Я уже отчаялся добиться толку, когда к нам подошла пожилая дама.
— Вы ничего не вытянете из него сегодня, у него плохой день. Вчера-то он мало-мальски соображал. Видите ли, с головой у него не в порядке — то лучше, то хуже. Я знаю, о какой девочке идет речь, у меня-то память прекрасная. Вы говорите о маленькой Клеа, я хорошо ее знала, но, представьте себе, она была вовсе не глухая.
Я изумленно раскрыл рот, а дама продолжала:
— Я бы вам все это рассказала, но я проголодалась, а на пустой желудок и разговор не клеится. Если бы вы пригласили меня выпить чаю в кондитерской, там бы мы и побеседовали. Я пойду возьму пальто, вы не против?

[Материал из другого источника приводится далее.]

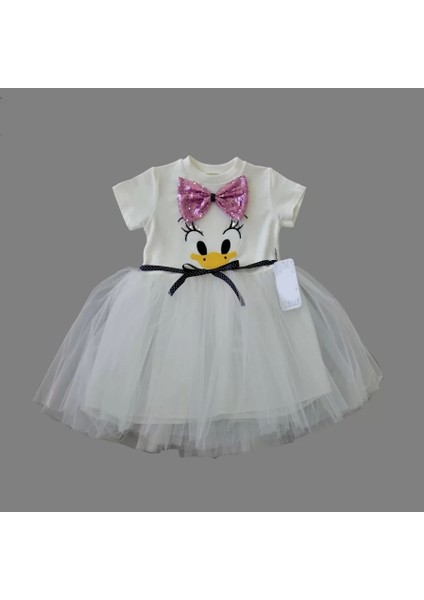 Pet Fiyonk Tokalı Ördek Nakışlı Astarlı Kız Bebek Tütü Elbisesi Beyaz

Я помог старой даме надеть пальто и, подлаживаясь под ее шаг, повел в кондитерскую. Усевшись на террасе, она попросила у меня закурить. У меня не было сигарет. Скрестив на груди руки, дама выразительно посмотрела на табачный киоск напротив.
— Светлые сойдут, — напутствовала она меня.

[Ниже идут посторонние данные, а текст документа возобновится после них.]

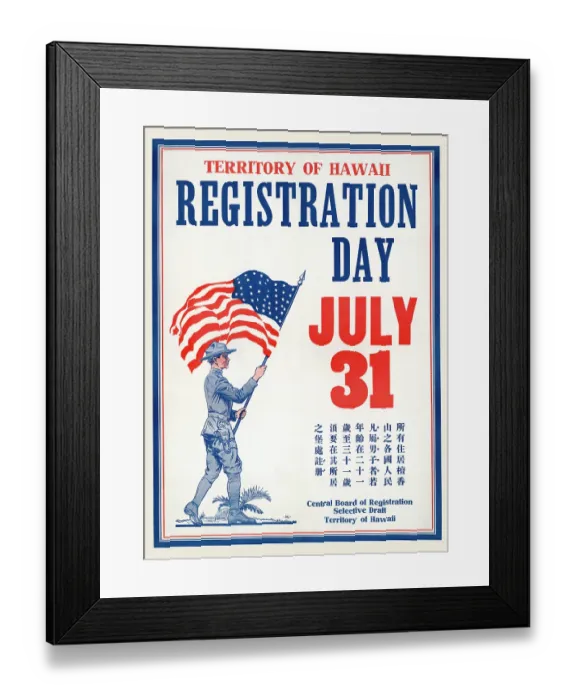 Framed Print : Territory of Hawaii registration day July 31 - Chinese Framed Print : Territory of Hawaii registration day July 31 - Chinese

Я вернулся с пачкой сигарет и спичками.
— Через полгода я буду врачом, — сказал я, протягивая их ей. — Если бы мои преподаватели увидели, что я вам даю, досталось бы мне на орехи.
— Если вашим преподавателям нечего делать, кроме как надзирать за нами в этой дыре, я бы вам рекомендовала сменить институт, — ответила она, чиркнув спичкой. — Не так много мне осталось. Почему, спрашивается, все так и норовят лишить нас последних удовольствий? Нельзя пить, нельзя курить, нельзя жирного и сладкого, они хотят, чтобы мы прожили подольше, но этак отобьют у нас всякий вкус к жизни, эти умники, которые думают за нас. Ах, как мы были свободны в ваши годы, убивали себя ускоренно, ясное дело, но ведь и жили. Так что уж позвольте мне в вашем приятном обществе наплевать на медицину, и, если вы не возражаете, я бы съела хорошую ромовую бабу.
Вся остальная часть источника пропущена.